(Stored items)

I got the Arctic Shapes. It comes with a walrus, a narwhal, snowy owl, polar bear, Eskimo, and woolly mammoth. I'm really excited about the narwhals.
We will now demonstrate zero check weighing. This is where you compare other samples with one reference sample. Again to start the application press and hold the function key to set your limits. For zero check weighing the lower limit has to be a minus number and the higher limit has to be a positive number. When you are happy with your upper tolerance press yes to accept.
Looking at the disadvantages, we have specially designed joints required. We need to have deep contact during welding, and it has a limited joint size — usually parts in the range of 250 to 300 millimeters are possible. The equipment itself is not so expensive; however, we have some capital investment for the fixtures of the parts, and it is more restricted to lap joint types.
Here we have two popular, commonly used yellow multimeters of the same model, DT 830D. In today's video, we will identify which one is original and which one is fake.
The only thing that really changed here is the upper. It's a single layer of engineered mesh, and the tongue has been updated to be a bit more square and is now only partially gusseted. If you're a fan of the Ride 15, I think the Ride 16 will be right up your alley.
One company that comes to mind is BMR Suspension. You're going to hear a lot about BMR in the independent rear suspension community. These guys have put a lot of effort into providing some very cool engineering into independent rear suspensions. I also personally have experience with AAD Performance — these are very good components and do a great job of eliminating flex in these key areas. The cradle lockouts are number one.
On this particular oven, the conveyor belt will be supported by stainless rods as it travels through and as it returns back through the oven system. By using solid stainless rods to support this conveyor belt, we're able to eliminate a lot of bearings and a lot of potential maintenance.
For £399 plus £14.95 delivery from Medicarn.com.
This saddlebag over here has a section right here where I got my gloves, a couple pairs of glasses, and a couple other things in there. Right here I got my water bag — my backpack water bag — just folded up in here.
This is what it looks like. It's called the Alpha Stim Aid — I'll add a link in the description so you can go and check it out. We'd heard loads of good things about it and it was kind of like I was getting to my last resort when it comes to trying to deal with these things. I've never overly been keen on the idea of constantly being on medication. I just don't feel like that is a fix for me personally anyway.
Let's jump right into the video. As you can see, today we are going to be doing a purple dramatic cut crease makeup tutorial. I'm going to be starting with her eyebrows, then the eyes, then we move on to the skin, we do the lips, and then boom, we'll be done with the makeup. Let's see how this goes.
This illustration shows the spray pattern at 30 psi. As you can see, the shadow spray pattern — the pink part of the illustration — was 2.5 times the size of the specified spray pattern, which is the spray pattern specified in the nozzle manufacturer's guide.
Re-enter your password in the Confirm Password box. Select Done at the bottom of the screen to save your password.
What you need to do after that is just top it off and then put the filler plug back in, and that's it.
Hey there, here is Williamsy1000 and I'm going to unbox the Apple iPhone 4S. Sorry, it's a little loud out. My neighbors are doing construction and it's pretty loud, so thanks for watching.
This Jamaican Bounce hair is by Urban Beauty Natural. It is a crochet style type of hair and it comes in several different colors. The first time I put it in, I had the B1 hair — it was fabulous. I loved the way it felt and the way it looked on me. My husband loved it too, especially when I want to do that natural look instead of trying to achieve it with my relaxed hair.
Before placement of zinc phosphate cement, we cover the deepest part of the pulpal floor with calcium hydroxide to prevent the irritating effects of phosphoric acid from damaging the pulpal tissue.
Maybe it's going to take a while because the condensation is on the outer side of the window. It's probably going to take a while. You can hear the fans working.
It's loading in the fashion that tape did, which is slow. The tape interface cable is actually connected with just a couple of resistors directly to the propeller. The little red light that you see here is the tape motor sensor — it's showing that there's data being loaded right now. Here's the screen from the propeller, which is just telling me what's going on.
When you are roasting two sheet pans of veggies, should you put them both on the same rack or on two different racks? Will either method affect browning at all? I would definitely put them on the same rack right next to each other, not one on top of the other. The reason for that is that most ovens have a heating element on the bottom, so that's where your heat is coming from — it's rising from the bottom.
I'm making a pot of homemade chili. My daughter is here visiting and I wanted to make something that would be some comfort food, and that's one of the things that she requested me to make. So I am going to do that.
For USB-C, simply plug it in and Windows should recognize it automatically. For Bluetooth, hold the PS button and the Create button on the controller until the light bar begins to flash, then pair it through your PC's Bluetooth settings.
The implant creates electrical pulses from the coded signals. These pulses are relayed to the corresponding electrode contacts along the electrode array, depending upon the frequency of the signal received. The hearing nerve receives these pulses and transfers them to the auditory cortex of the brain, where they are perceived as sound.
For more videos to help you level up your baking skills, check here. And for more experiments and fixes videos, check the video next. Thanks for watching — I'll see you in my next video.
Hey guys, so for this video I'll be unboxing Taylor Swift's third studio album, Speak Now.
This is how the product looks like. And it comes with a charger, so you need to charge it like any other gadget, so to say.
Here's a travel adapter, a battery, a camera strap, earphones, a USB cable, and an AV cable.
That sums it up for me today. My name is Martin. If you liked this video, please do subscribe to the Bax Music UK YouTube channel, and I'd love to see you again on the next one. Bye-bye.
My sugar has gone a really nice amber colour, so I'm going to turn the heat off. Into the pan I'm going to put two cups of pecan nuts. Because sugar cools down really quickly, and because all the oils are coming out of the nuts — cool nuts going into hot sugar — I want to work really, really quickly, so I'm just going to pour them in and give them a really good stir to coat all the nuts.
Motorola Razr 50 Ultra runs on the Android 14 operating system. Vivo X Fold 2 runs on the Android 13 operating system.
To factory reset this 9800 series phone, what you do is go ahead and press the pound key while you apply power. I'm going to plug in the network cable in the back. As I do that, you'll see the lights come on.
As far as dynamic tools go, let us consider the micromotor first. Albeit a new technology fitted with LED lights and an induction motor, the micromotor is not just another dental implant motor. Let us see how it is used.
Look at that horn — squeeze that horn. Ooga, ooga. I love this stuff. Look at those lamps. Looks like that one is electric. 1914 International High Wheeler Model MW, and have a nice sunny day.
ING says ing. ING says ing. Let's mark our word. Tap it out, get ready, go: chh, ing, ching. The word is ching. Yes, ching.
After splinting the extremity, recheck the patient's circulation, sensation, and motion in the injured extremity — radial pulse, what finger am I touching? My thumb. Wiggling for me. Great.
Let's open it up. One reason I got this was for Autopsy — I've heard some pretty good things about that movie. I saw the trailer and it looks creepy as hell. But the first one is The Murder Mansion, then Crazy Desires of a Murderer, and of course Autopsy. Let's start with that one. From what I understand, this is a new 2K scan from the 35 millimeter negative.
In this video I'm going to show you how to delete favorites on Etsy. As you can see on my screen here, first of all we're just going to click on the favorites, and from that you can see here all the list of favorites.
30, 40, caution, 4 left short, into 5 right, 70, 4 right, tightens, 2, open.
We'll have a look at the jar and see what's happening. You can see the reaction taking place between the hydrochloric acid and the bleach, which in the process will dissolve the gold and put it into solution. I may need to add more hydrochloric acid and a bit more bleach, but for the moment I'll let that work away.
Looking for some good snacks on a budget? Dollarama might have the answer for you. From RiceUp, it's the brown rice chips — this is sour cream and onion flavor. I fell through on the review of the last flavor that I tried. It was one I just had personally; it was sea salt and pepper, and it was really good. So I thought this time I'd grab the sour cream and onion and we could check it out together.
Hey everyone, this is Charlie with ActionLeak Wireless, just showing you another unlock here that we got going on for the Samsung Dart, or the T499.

▶ **Problem requirements**: The reply must hold exactly the lines from the one containing "Looking for some" to the last line of the entries, and nothing more.

▶ **Answer box**:
Looking for some good snacks on a budget? Dollarama might have the answer for you. From RiceUp, it's the brown rice chips — this is sour cream and onion flavor. I fell through on the review of the last flavor that I tried. It was one I just had personally; it was sea salt and pepper, and it was really good. So I thought this time I'd grab the sour cream and onion and we could check it out together.
Hey everyone, this is Charlie with ActionLeak Wireless, just showing you another unlock here that we got going on for the Samsung Dart, or the T499.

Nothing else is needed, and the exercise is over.